Work required
Each line in the material below, starting at the one that contains "138 Tierra Lane" and ending at the one that contains "LKW_Plane_01_2000x1180", should be repeated exactly; the pictures should not.

Available records

=== Begin Enclosure ===

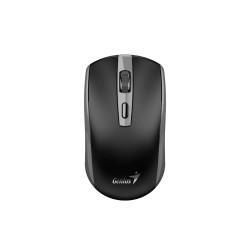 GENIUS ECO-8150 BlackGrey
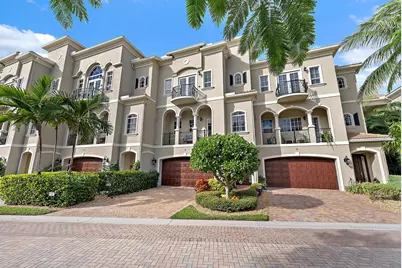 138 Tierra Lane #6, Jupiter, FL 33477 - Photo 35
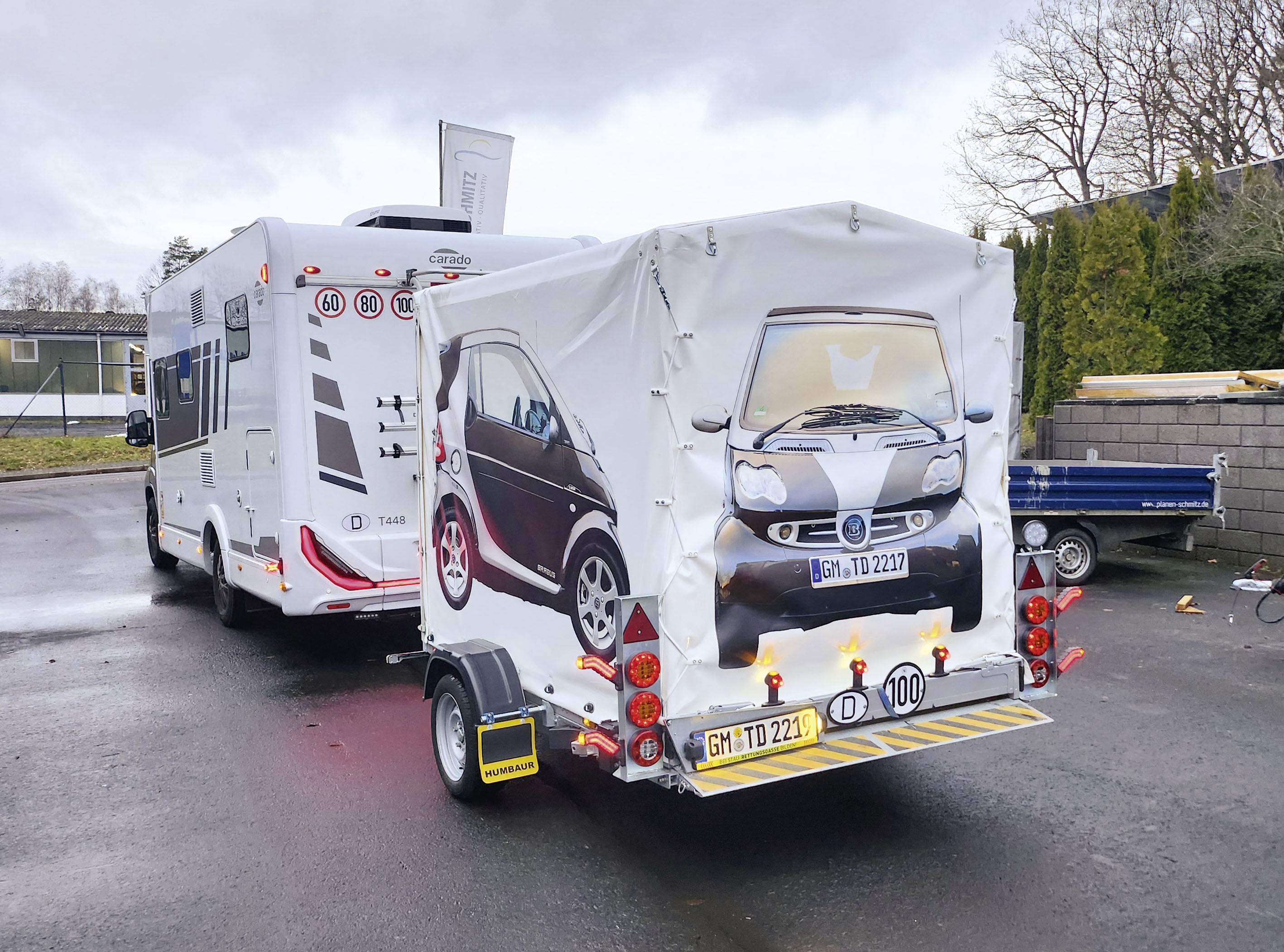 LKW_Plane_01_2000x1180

=== End Enclosure ===
=== Begin Enclosure ===

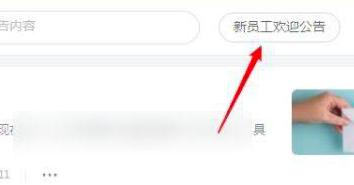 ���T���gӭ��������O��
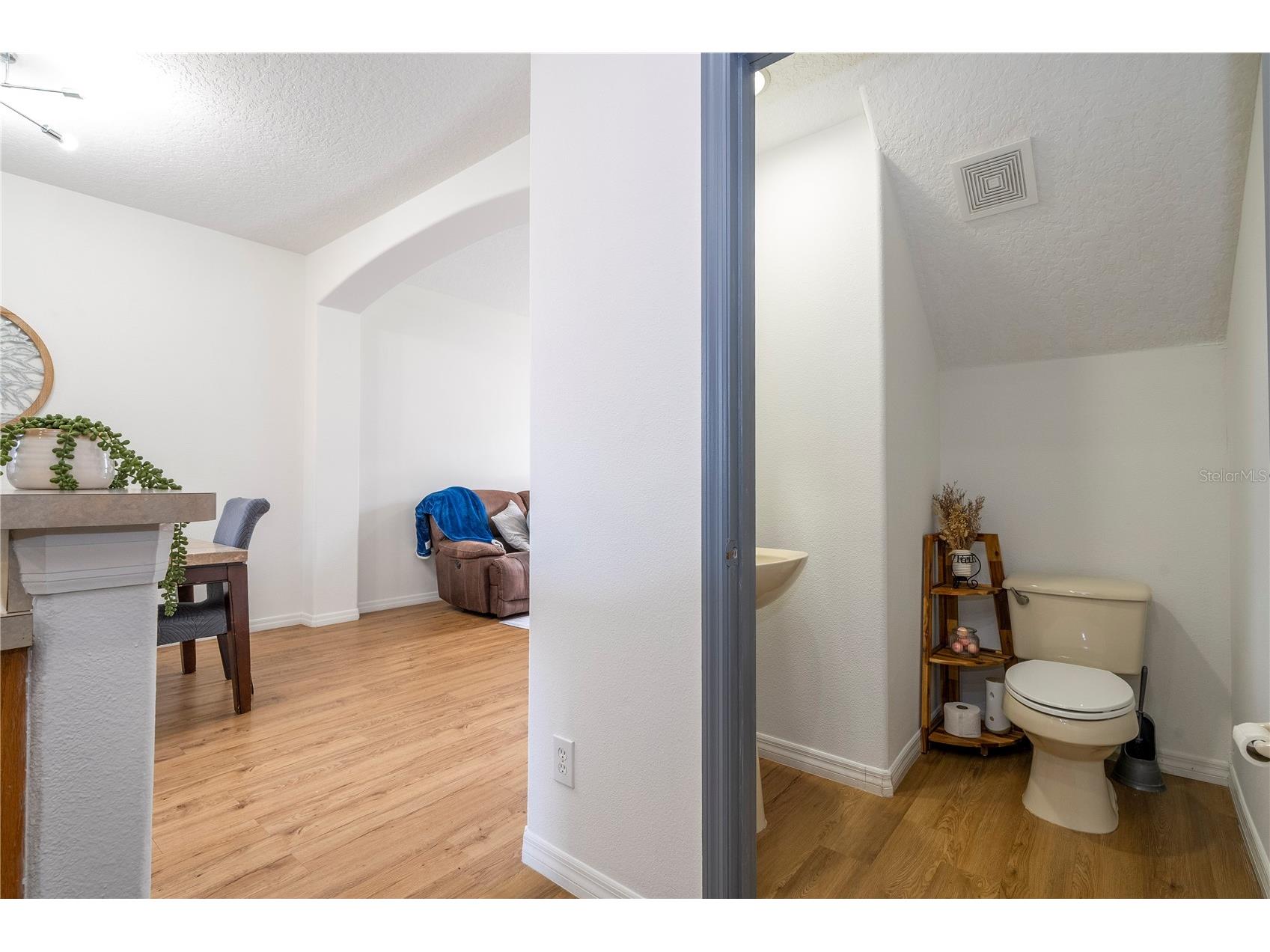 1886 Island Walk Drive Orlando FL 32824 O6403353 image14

=== End Enclosure ===

Exercise output
 138 Tierra Lane #6, Jupiter, FL 33477 - Photo 35
 LKW_Plane_01_2000x1180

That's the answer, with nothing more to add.